Department of Nuclear Medicine, Chongqing University Cancer Hospital, Chongqing, China.
Br J Hosp Med (Lond). 2024 Sep 30;85(9):1-18. doi: 10.12968/hmed.2024.0350. Epub 2024 Sep 26.
Immunohistochemistry (IHC) is the main method to detect human epidermal growth factor receptor 2 (Her-2) and Ki-67 expression levels. However, IHC is invasive and cannot reflect their expression status in real-time. This study aimed to build radiomics models based on visceral adipose tissue (VAT)'s F-fluorodeoxyglucose (F-FDG) positron emission tomography/computed tomography (PET/CT) imaging, and to evaluate the relationship between radiomics features of VAT and positive expression of Her-2 and Ki-67 in gastric cancer (GC).
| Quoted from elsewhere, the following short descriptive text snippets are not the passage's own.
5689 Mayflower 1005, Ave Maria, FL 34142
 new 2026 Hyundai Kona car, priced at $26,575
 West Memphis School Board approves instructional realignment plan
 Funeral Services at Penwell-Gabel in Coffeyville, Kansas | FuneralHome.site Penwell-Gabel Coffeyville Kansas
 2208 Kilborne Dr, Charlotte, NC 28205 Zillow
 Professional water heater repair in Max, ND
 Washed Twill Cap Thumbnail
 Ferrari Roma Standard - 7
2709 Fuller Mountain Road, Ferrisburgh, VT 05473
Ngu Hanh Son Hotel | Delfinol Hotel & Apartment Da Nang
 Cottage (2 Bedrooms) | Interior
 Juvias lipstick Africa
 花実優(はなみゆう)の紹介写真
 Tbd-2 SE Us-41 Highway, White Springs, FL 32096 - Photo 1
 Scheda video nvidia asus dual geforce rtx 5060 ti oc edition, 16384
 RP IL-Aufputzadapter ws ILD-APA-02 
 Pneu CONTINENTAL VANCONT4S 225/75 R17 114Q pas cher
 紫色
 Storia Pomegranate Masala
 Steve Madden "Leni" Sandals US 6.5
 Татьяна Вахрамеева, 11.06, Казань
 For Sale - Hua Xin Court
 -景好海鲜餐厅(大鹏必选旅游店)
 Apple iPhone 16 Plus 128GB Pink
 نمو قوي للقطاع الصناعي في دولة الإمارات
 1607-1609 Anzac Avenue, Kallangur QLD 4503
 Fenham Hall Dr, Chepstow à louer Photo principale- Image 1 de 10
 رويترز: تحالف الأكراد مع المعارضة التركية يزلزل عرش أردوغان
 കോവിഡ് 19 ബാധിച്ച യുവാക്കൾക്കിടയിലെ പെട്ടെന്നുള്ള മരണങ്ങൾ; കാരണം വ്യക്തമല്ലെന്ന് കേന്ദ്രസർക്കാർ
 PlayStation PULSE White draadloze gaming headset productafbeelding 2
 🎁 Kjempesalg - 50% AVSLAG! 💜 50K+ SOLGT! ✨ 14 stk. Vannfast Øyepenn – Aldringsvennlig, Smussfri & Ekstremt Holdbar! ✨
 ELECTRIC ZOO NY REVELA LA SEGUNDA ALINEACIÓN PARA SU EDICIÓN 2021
Ninety patients with GC were enrolled in this study. F-FDG PET/CT radiomics features were calculated using the PyRadiomics package. Two methods were employed to reduce radiomics features. The machine learning models, logistic regression (LR), and support vector machine (SVM), were constructed and estimated by the receiver operator characteristic (ROC) curve. The correlation of outstanding features with Ki-67 and Her-2 expression status was evaluated. For the Ki-67 set, the area under of the receiver operator characteristic curve (AUC) and accuracy were 0.86 and 0.79 for the LR model and 0.83 and 0.69 for the SVM model. For the Her-2 set, the AUC and accuracy were 0.84 and 0.86 for the LR model and 0.65 and 0.85 for the SVM model. The LR model for Ki-67 exhibited outstanding prediction performance. Three wavelet transform features were correlated with Her-2 expression status ( all < 0.001), and one wavelet transform feature was correlated with the expression status of Ki-67 ( = 0.042). F-FDG PET/CT-based radiomics models of VAT demonstrate good performance in predicting Her-2 and Ki-67 expression status in patients with GC. Radiomics features can be used as imaging biomarkers for GC.
免疫组织化学(IHC)是检测人表皮生长因子受体 2(Her-2)和 Ki-67 表达水平的主要方法。然而,IHC 具有侵袭性,不能实时反映它们的表达状态。本研究旨在构建基于内脏脂肪组织(VAT)的 F-氟脱氧葡萄糖(F-FDG)正电子发射断层扫描/计算机断层扫描(PET/CT)成像的放射组学模型,并评估 VAT 的放射组学特征与胃癌(GC)中 Her-2 和 Ki-67 阳性表达之间的关系。本研究纳入了 90 例 GC 患者。使用 PyRadiomics 包计算 F-FDG PET/CT 放射组学特征。采用两种方法对放射组学特征进行降维处理。构建并通过受试者工作特征(ROC)曲线评估逻辑回归(LR)和支持向量机(SVM)两种机器学习模型。评估突出特征与 Ki-67 和 Her-2 表达状态的相关性。对于 Ki-67 组,LR 模型的 AUC 和准确性分别为 0.86 和 0.79,SVM 模型分别为 0.83 和 0.69。对于 Her-2 组,LR 模型的 AUC 和准确性分别为 0.84 和 0.86,SVM 模型分别为 0.65 和 0.85。Ki-67 的 LR 模型具有出色的预测性能。三个小波变换特征与 Her-2 表达状态相关(均<0.001),一个小波变换特征与 Ki-67 表达状态相关(=0.042)。基于 F-FDG PET/CT 的 VAT 放射组学模型在预测 GC 患者 Her-2 和 Ki-67 表达状态方面具有良好的性能。放射组学特征可用作 GC 的成像生物标志物。